DATASET RECORDS ::

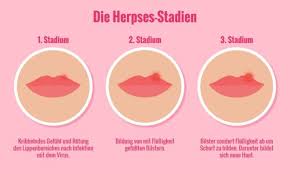 Pin On Herpes Treatment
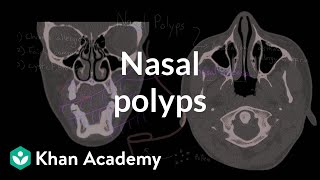 Nasal Polyp Removal Surgery [upl. by Nylaf]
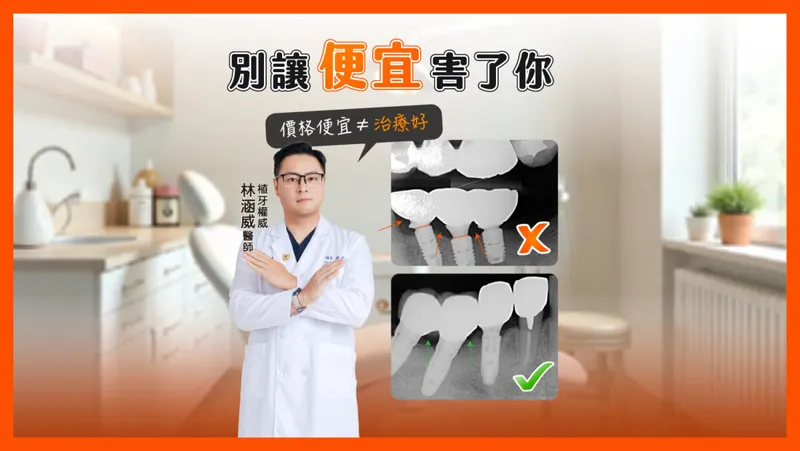 植牙失敗的隱形殺手!X光片揭露:假牙沒裝到位、植體位置錯誤,你還在相信低價促銷嗎?
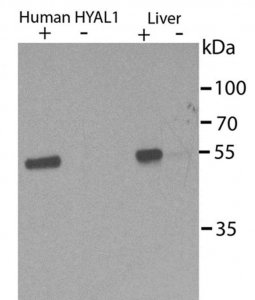 Anti-HYAL1 Antibody, clone 1D10 
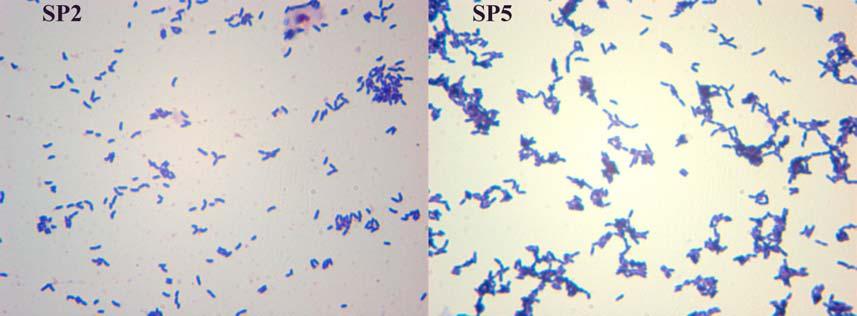 mikroskobik morfolojileri Resim 4.7. P.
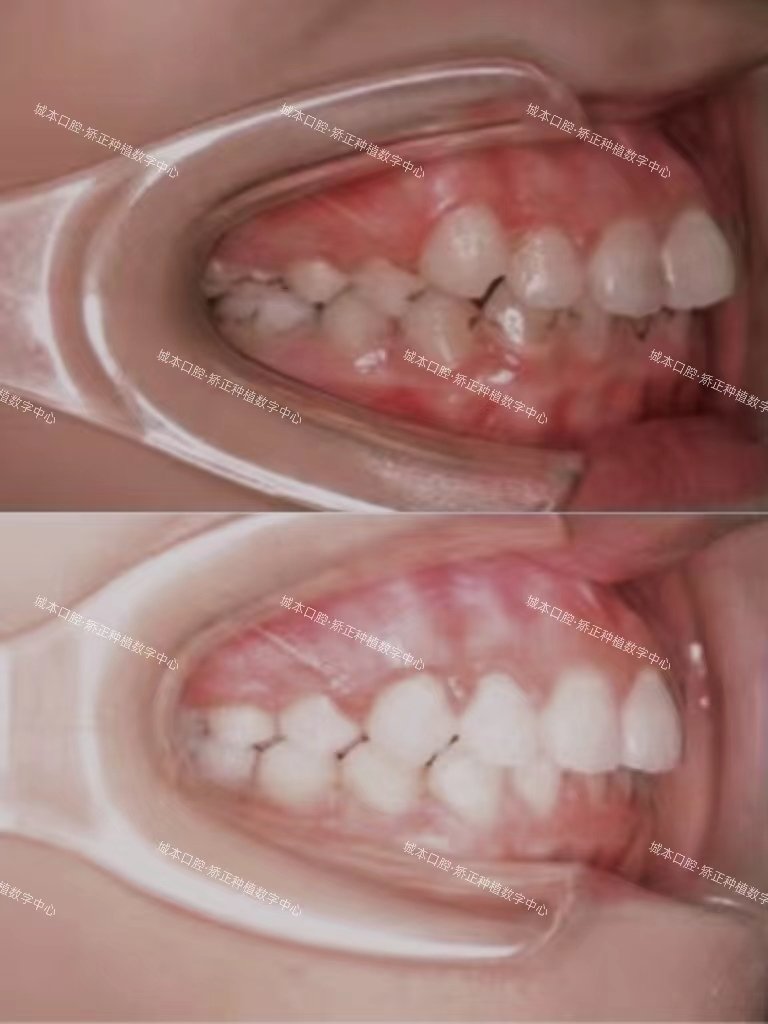 牙突拔牙矫正案例分享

INSTRUCTIONS TO FOLLOW ::
With the pictures left out, copy exactly the lines from the line holding "Nasal Polyp Removal Surgery [upl. by Nylaf]" through the final line of the records, including both.

EXERCISE SOLUTION ::
 Nasal Polyp Removal Surgery [upl. by Nylaf]
 植牙失敗的隱形殺手!X光片揭露:假牙沒裝到位、植體位置錯誤,你還在相信低價促銷嗎?
 Anti-HYAL1 Antibody, clone 1D10 
 mikroskobik morfolojileri Resim 4.7. P.
 牙突拔牙矫正案例分享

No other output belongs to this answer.